The Technical Capability of Headphones - Part 1

There’s a common claim made by many professional audiophile reviewers that headphone characteristics are determined by two criteria: 1) tonality and 2) ‘technicality’, with tonality being uniquely determined by amplitude versus frequency and technicality being essentially independent and subjective. There now seems to be a pervasive acceptance in many online forums that technical capability is something that can’t (ever) be measured, and can only be known by smashing those ‘like’ and ‘subscribe’ buttons and deferring to the opinions of the superior golden-eared reviewer.

While HypetheSonics considers amplitude versus frequency to be the leading-order effect of headphone preference, this miniHype aims to demonstrate that those measurements alone can’t tell the whole story. One obvious nuance arises from the impedance variation of certain headphones, which can cause a very audible shift in frequency response with different sources.
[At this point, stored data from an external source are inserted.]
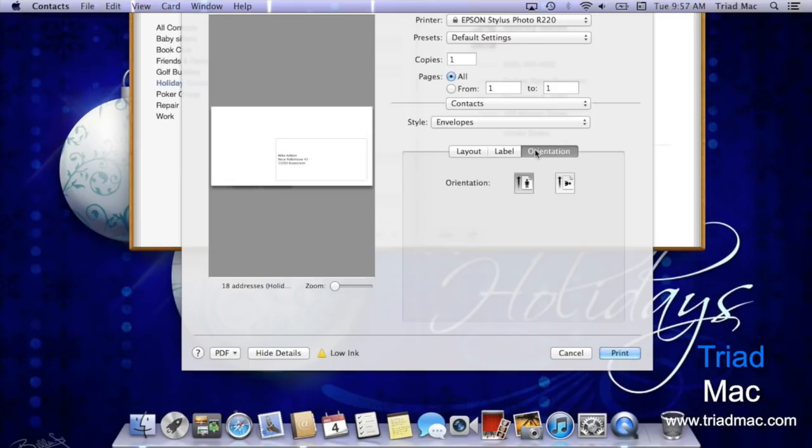I hope this makes quick work of printing off all those labels and envelopes this holiday season.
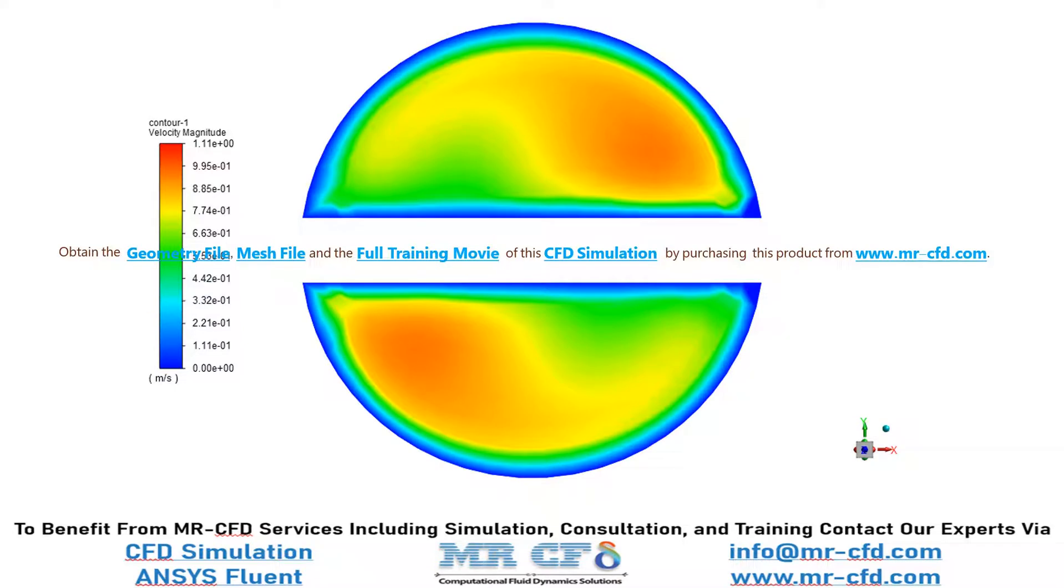In this slide, you can see the velocity distribution on the outlet boundaries and how the velocity has changed after passing through those twisted tapes.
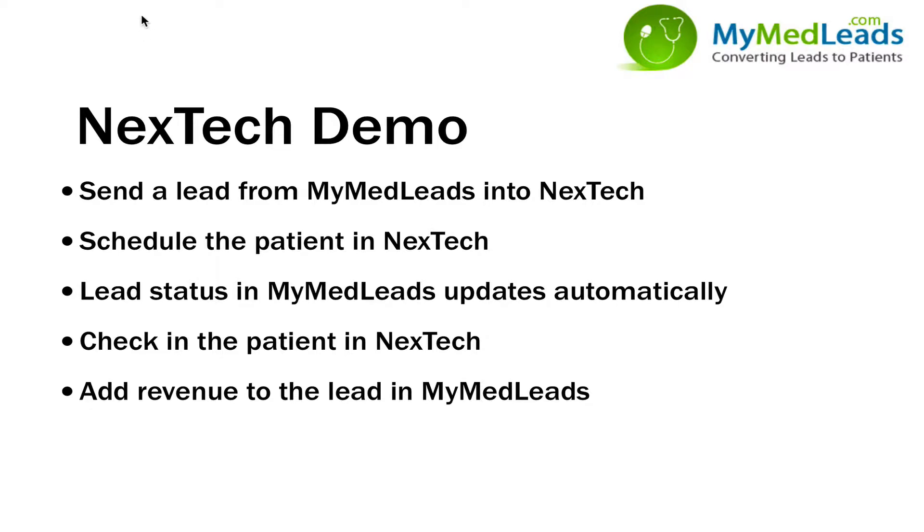Hi, my name is Enrique Rangel. I'm with MyMedLeads.com and today I'm going to do a quick video on how MyMedLeads integrates with Nextech so that we can deliver marketing leads right into the Nextech system without having to enter them manually.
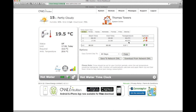You can specify this to be any temperature you want at any time, and just like the heating, a seven-day clock with multiple settings per day. You can save all that and send it to the Network Owl.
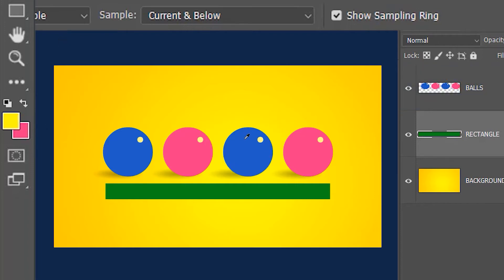So the current and below option basically lets you select the current layer and the layers below it, but it won't select the layers above the current layer.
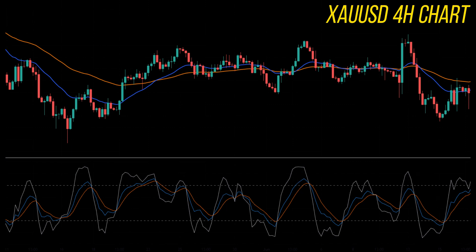This is the strategy combining EMA and KDJ indicators, and it's a good trading strategy that you can use in your daily trading.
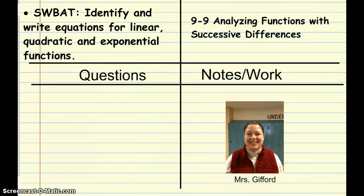Hi everyone, it's Mrs. Gifford and today I'm going to talk to you about Lesson 9.9, Analyzing Functions with Successive Differences. After today's lesson you will be able to identify and write equations for linear, quadratic, and exponential functions.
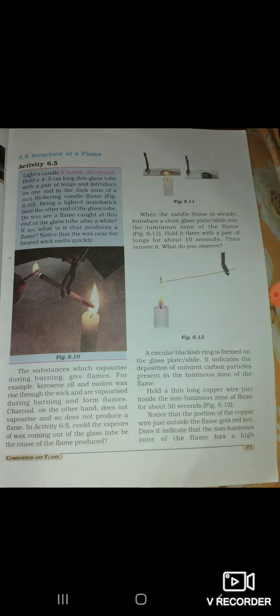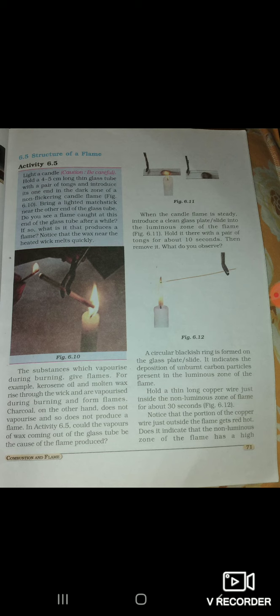Structure of a flame — Activity 6.5. Light a candle and hold a 4 to 5 cm long thin glass tube with a pair of tongs and introduce one end into the dark zone of a non-flickering candle flame. Bring a lighted matchstick near the other end of the glass tube — do you see a flame at this end after a while? Notice that the wax near the heated wick melts quickly. The substances which vaporize during burning give flames — for example, kerosene oil and molten wax rise through the wick and vaporize during burning to form a flame.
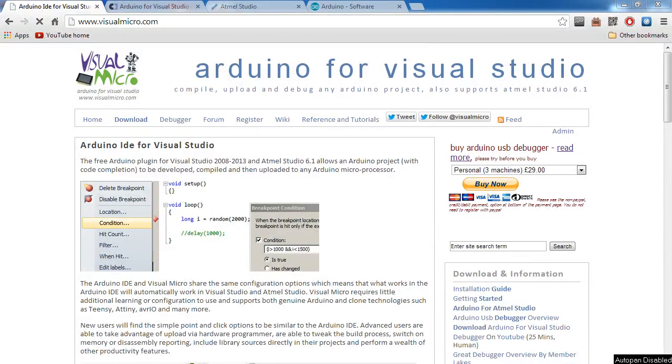Hello everyone, Human Hard Drive here for Visual Micro. Today we're going to be doing a more in-depth look at the Visual Micro Arduino plugin for Visual Studio and Atmel Studio.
This effect can’t be determined without knowing both the output impedance of the source and the impedance curve of the headphone. However, its primary effect is a shift in tonality and therefore not necessarily something that directly affects the elusive beast that is ‘technical capability’.

It’s widely accepted that equalizing one headphone to match another doesn’t always produce an audibly-indistinguishable experience. One issue here is, of course, that it’s extremely difficult to perfectly equalize one headphone to another, and even if achieved, equalization is usually only a perfect match in SPL, and only then for someone whose ear impedance and geometry exactly matches that of the ear simulator used in the measurement – a rather unlikely scenario given the variance in human anatomy. A second issue is that even if that equalization perfectly matches amplitude versus frequency in the actual human ear, phase, distortion and transient-response can still differ.
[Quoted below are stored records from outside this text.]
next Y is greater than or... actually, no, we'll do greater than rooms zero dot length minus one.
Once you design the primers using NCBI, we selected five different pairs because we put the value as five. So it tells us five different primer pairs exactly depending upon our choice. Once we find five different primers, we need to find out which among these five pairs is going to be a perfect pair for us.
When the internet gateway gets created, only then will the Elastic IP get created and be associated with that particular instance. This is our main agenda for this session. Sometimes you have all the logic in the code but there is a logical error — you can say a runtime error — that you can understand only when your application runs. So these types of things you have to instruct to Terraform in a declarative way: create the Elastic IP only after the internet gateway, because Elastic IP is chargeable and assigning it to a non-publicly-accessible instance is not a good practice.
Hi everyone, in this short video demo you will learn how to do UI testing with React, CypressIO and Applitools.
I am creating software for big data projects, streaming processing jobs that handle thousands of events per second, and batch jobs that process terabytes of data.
Many of these same subjective audio reviews that claim to hear ‘technical differences’ are quick to dismiss time-domain measurements. We believe the sands of time are going to show this to be categorically wrong. Recovering an arbitrary signal in the frequency domain (through an inverse Fourier or Laplace transform) requires knowledge of amplitude, frequency and phase. Throwing away the phase (as is typically done when presenting SPL graphs alone) means we cannot reproduce time domain effects like impulse response. Attack and timbre are the two most critical components that our brains use to identify musical instruments. A sharp attack, such as that of a piano or castanets, tends to sound soft and less-easily distinguished when those transients get fuzzy or smeared. The ability of a headphone to respond to sharp transients can’t always be accurately inferred from its amplitude versus frequency graph. As an example, consider the following two headphones, which have very similar frequency responses:

If your ears were a good match for this GRAS ear simulator, you might expect these two headphones to sound quite similar. Yet their response to an impulse is very different:

The most dramatic extrapolation of this would be to consider signal A as an impulse (zero phase for all frequencies) and signal B as a periodic section of white noise (random phase for each frequency). Both A and B could have identically flat SPL graphs, but would obviously look very different in the time domain, and would sound dramatically different to your ears.
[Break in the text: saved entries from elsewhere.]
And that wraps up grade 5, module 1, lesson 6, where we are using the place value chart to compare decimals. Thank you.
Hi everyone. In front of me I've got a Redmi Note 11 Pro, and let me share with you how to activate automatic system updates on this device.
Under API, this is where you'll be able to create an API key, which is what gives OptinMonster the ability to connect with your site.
But can you really hear timing differences as small as those shown on the scales above? Let’s try it. Find yourself a quiet environment in which to listen undisturbed and grab a pair of wired headphones. Electrostatic headphones would be ideal, but a good (preferably single) balanced-armature or dynamic-driver IEM should also work.

The following test tracks were originally posted on a HydrogenAudio forum and supply a single impulse (or click) separating the left and right channels by varying intervals of time, in microseconds. These tracks can also be downloaded in FLAC format for offline statistical testing:

 

Impulse Test

The reference comparison track is zero separation, i.e., a single synchronized click. The largest separation (provided as an easy test to get you started) is ~140 microseconds, a wavelength which would correspond to a frequency of about 7 kHz. The smallest separation given above is about 10 microseconds, corresponding to a frequency of 100 kHz, which is far beyond the threshold of human hearing. One fascinating aspect of this test is that even if you can’t perceive the 10 microsecond separation, you should be able to perceive a separation down to a delta_t whose corresponding Nyquist frequency is above your personal upper-frequency threshold of hearing. Even if you only get as low as 46 microseconds (~22 kHz), this is still a tiny fraction of the 5000 microsecond ringing duration of the 1MORE EVO’s impulse response, and smaller than the decay time, and smaller even than the rise/fall time for most IEMs. (The fastest rise/fall time we’ve ever measured for an IEM is around 100 microseconds.)  For reference, the delta_t intervals for the first (easiest) three test tracks are shown in the above impulse graph. All are extremely small in comparison to the total time of the impulse response and the ringing of the EVO headphone. As with most listening tests, a trained listener will tend to perform better here than a novice. That can be a curse with many audio-related aberrations, as once you’re aware that there’s an audible error it becomes very difficult to ignore it. It is obviously important not to confuse perception with preference. You probably wouldn’t care if the guitarist moved two yards to the left during a concert, but smeared transients or non-constant timing errors can muddy spatial perception. On their own, neither of these issues might be enough to drive a strong preference for a given headphone, but the fact that humans are able to perceive such small timing differences suggests it would be unwise to assume such effects can always be neglected.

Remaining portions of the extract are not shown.